• _YOUR GOAL_: The material below includes pictures; leave them out and return only the lines between the line containing "Электродное устройство (патент 1502030)" and the line containing "틀니 대신 디지털 풀아치 임플란트로 자신감을 찾으세요(실제 사례)", inclusive, word for word.

=== THE INPUT ===

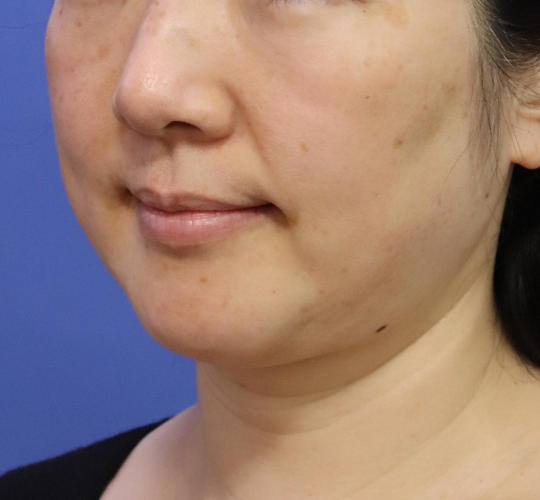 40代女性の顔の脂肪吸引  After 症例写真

===
=== THE INPUT ===

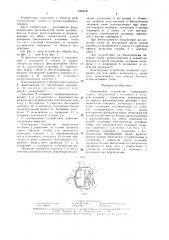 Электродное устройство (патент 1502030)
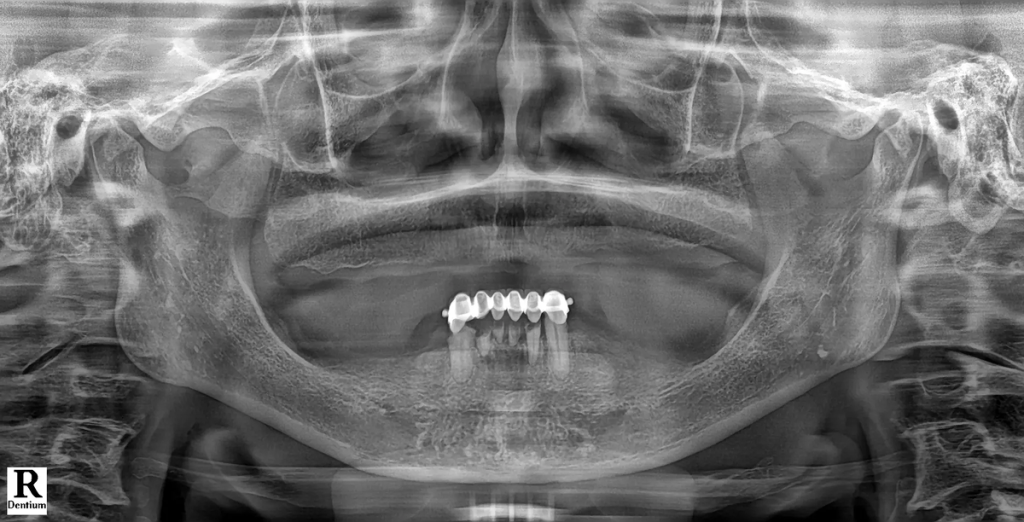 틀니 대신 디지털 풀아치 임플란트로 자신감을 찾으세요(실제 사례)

===
=== THE INPUT ===

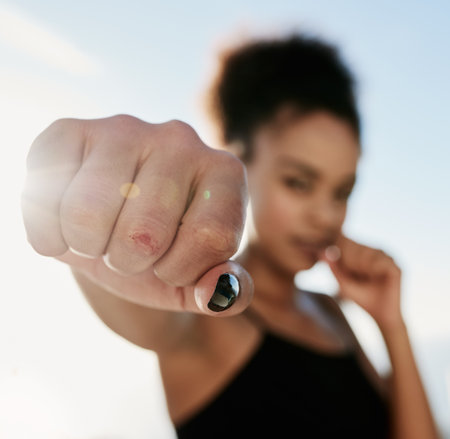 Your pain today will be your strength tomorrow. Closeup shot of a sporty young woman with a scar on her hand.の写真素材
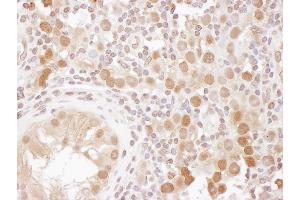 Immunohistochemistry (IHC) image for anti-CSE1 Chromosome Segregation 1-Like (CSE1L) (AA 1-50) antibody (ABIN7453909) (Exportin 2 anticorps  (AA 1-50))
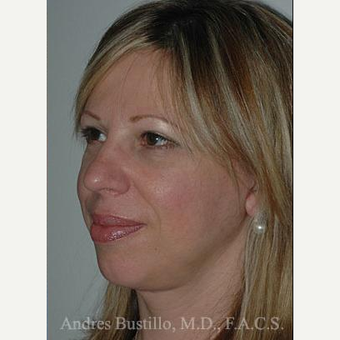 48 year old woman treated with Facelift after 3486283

===

• _ANSWER TO THIS TASK_:
 Электродное устройство (патент 1502030)
 틀니 대신 디지털 풀아치 임플란트로 자신감을 찾으세요(실제 사례)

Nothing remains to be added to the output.